■ **Task requirements**:
Take the line containing "Editable 36 kid" and all lines after it, through the end of the material, and repeat them exactly, pictures left out.

■ **Materials provided**:
+ + +
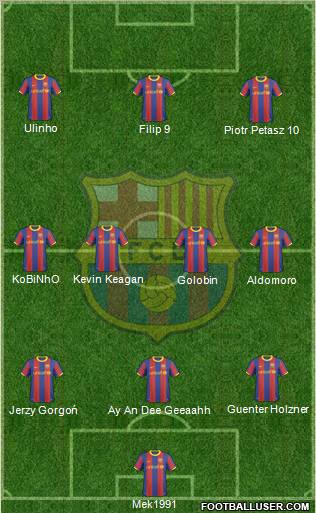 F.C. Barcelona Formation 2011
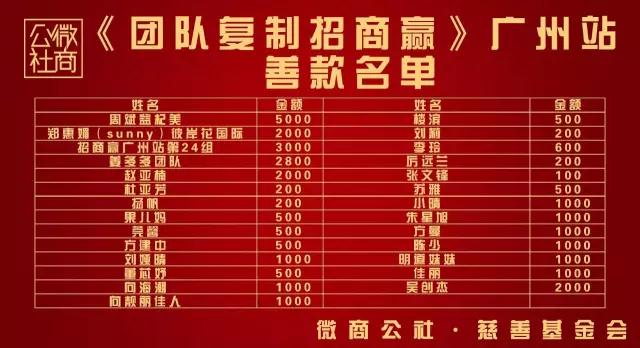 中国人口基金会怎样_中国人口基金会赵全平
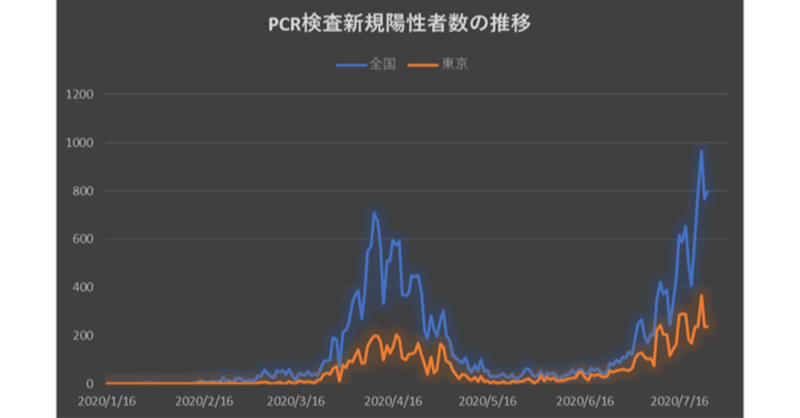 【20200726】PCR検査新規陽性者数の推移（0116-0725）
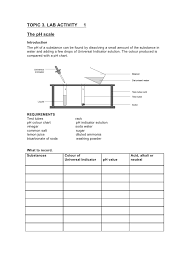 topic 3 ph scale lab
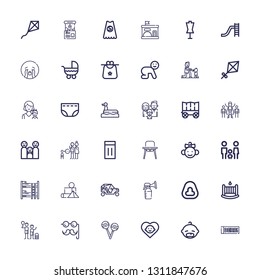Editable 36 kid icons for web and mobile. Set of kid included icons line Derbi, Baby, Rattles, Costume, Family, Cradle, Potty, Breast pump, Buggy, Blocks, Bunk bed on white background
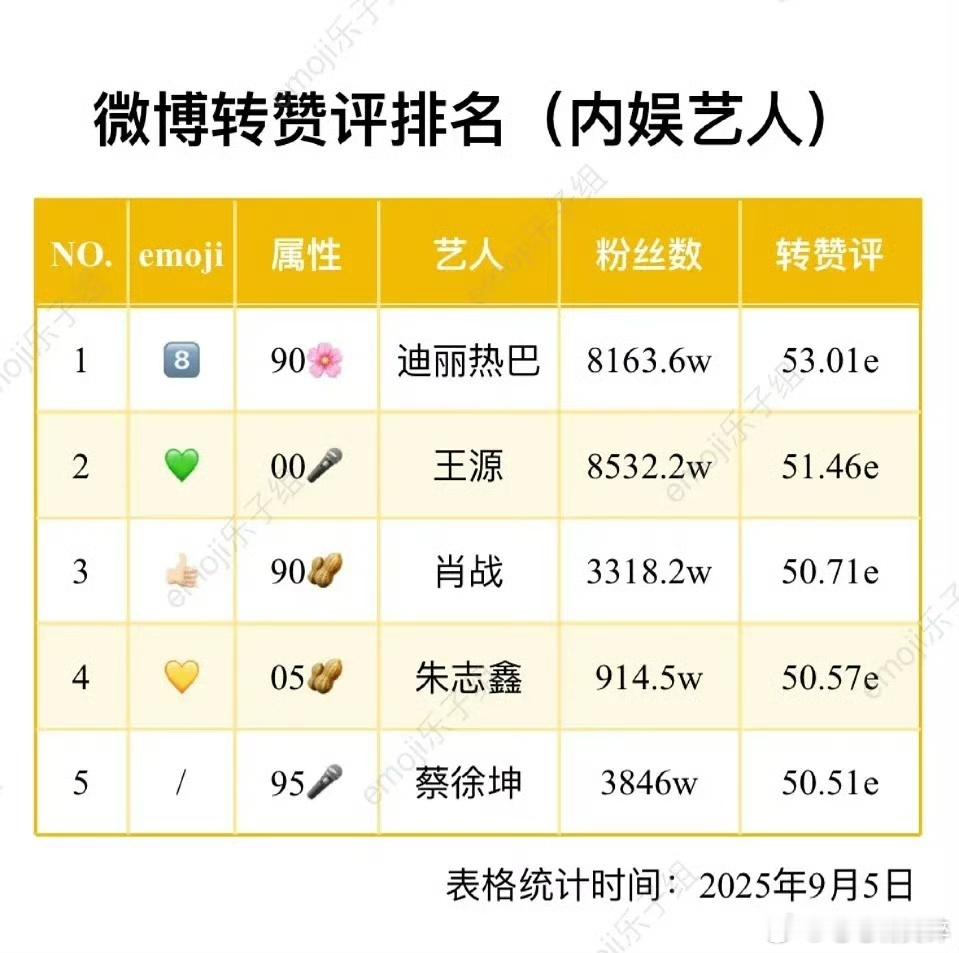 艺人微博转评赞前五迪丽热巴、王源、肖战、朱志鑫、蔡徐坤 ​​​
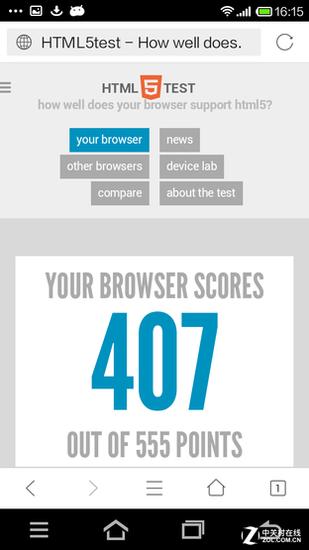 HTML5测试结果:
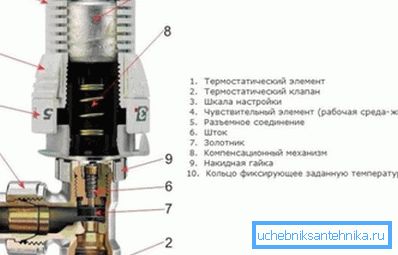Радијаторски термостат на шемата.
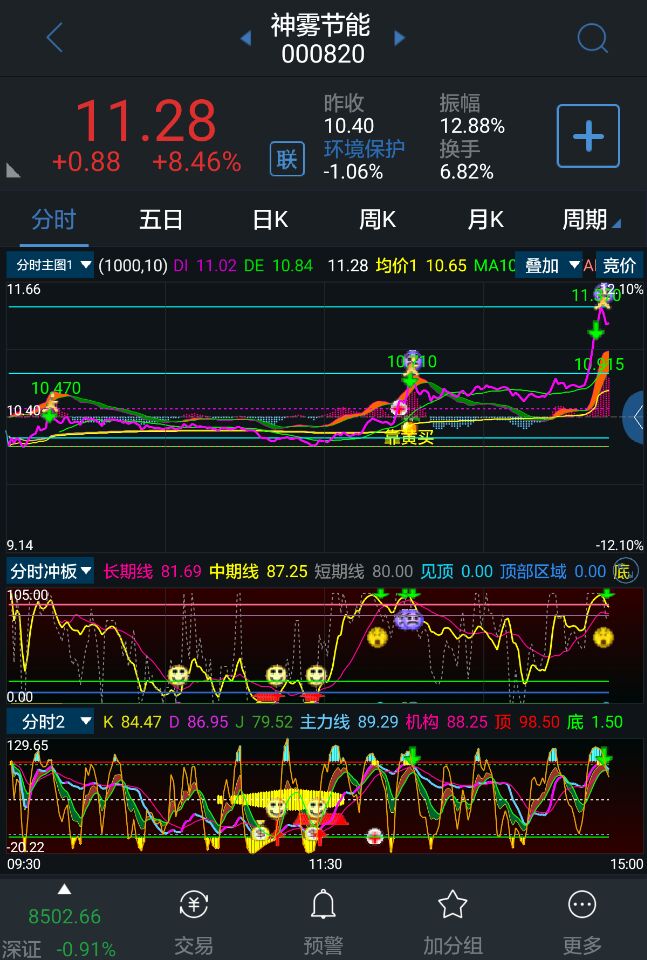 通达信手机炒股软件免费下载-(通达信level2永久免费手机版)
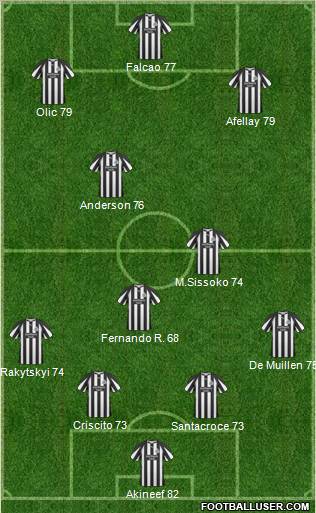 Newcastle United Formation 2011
+ + +
■ **Response below**:
Editable 36 kid icons for web and mobile. Set of kid included icons line Derbi, Baby, Rattles, Costume, Family, Cradle, Potty, Breast pump, Buggy, Blocks, Bunk bed on white background
 艺人微博转评赞前五迪丽热巴、王源、肖战、朱志鑫、蔡徐坤 ​​​
 HTML5测试结果:
Радијаторски термостат на шемата.
 通达信手机炒股软件免费下载-(通达信level2永久免费手机版)
 Newcastle United Formation 2011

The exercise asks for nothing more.